Fear in Cages vs Cage-free systems
Several studies have found that hens reared or housed in cage-free systems are less fearful than hens kept in conventional cages. Aviary-reared birds show reduced fear responses in tonic immobility, novel object, and novel environment tests, spend more time near humans and novel objects, use elevated areas more readily, and perform better in spatial memory tasks than cage-reared birds (Hansen et al., 1993; Tahamtani et al., 2015; Brantsaeter et al., 2016). They suggest that the more complex environments in cage-free systems may reduce fearfulness and improve behavioural adaptability. See box 9.2 of the laying book for more details.

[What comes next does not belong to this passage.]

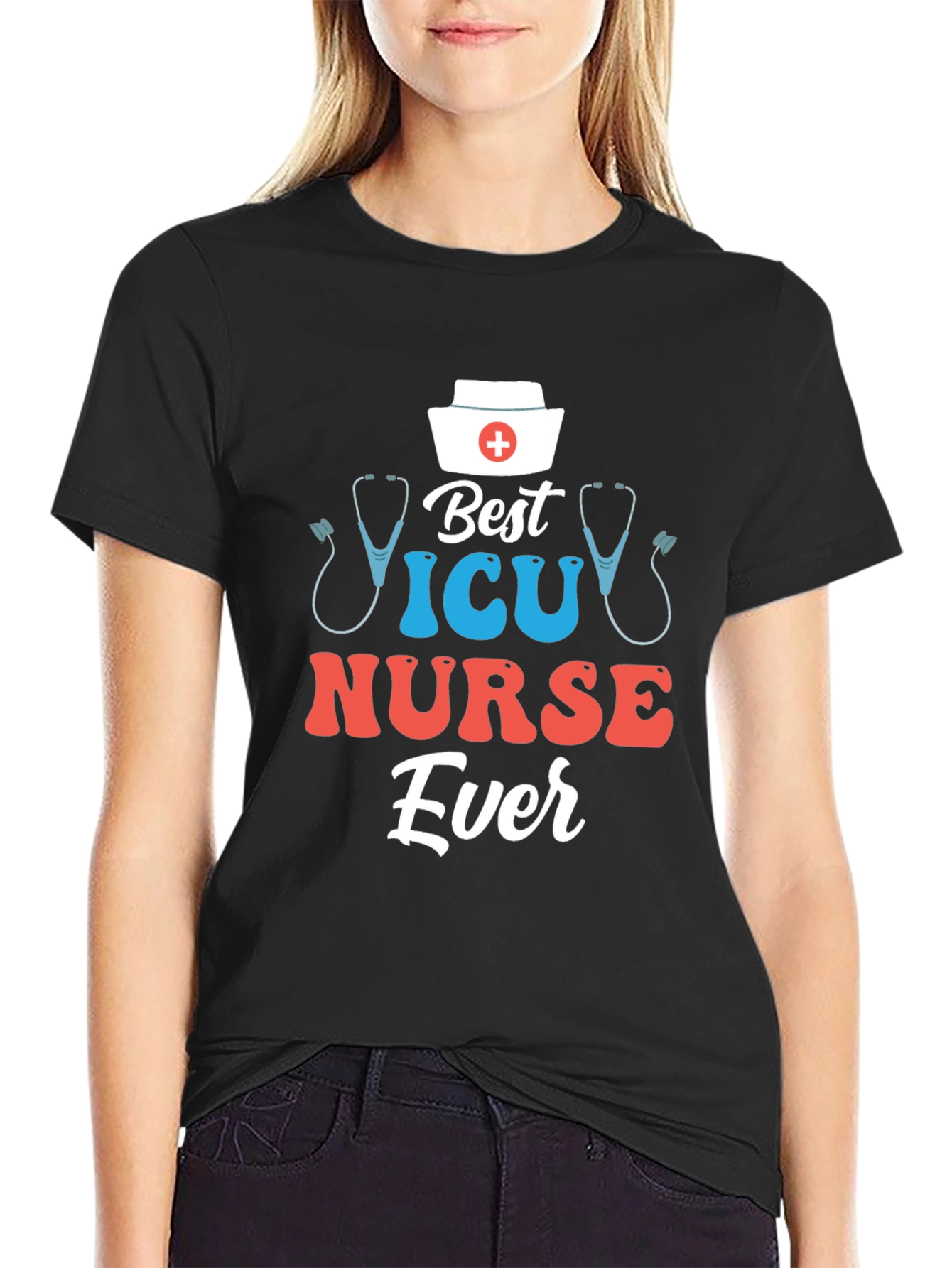 Best ICU Nurse Ever T-Shirt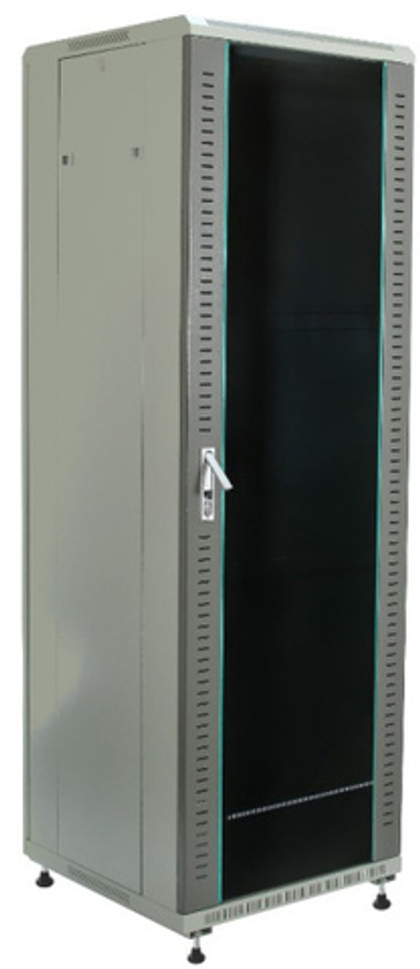 Шкаф напольный 19", 47U W&T C4780100GWTWOF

Behavioural and Physiological Indicators as a standard for welfare-related decisions
Welfare is multidimensional, and cumulative experience matters. So unfortunately no single behavioural or physiological measure, or restricted set of measures, can provide a complete picture of welfare, nor even for humans (for which calibration is possible). Behavioral, immunological, neurological, and physiological measures are valuable for inferring states associated with specific experiences, often at specific points in time. However, they are insufficient for overall welfare assessments, as well as confounded by multiple factors, and more reliable for acute rather than chronic harms (particularly immunology and physiology). Because they are typically species-, harm- and context-specific, they also do not enable comparisons across harms, systems and species. Several attempts have been made in recent years to design an umbrella measure of welfare (e.g., telomere length, cognitive bias tests), but so far unsuccessful. That’s not to say indicators are not useful: we rely heavily on them for our work, and believe having more monitoring systems and research would be extremely needed. But for overall welfare assessments and system comparisons as in the case of cage-free transitions, we need welfare metrics, which integrate evidence from multiple welfare dimensions, providing a stronger basis to infer cumulative experience. In case it’s useful, here we discuss in more detail the differences between welfare metrics and welfare indicators.
Thank you again for this critical analysis!
Cynthia
Hi Vasco, my sense is that moving from cages (even if furnished)to cage-free aviaries is an improvement, for the reasons I mentioned in my earlier response. Right now, with the evidence gaps there are, it’s very hard though to make a reliable distinction between 10th percentiles.